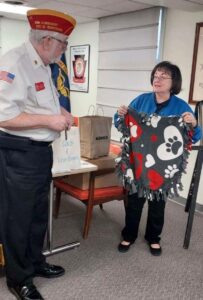 PDP/PNP Ruth Moyse Presents Blankets for VA Hospital to Commandant Brady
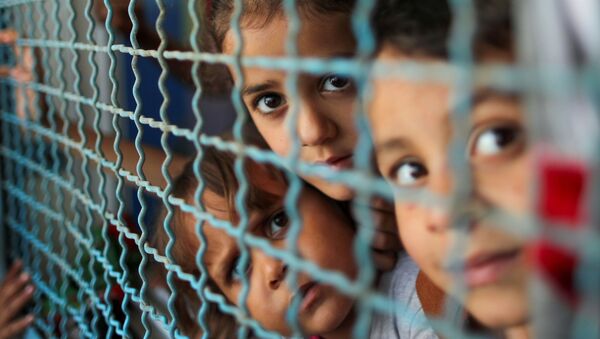 Trẻ em Palestine phải ra khỏi nhà bởi các cuộc không kích và pháo binh của Israel đang nhìn qua lan can cửa sổ của trường học do Liên hợp quốc điều hành, nơi họ trú ẩn ở thành phố Gaza - Sputnik Việt Nam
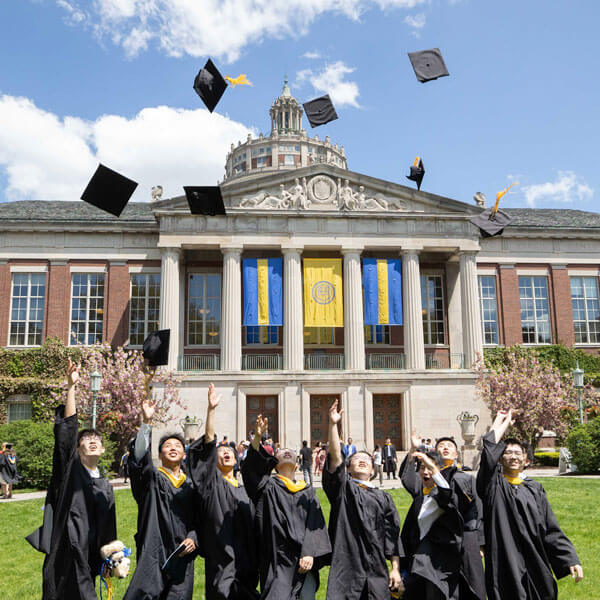 Students toss ther graduation caps in the air after the University of Rochester Commencement Weekend.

• _Description of the task_
Copy every line above word for word and exclude the pictures.

• _Your solution_
 PDP/PNP Ruth Moyse Presents Blankets for VA Hospital to Commandant Brady
 Trẻ em Palestine phải ra khỏi nhà bởi các cuộc không kích và pháo binh của Israel đang nhìn qua lan can cửa sổ của trường học do Liên hợp quốc điều hành, nơi họ trú ẩn ở thành phố Gaza - Sputnik Việt Nam
 Students toss ther graduation caps in the air after the University of Rochester Commencement Weekend.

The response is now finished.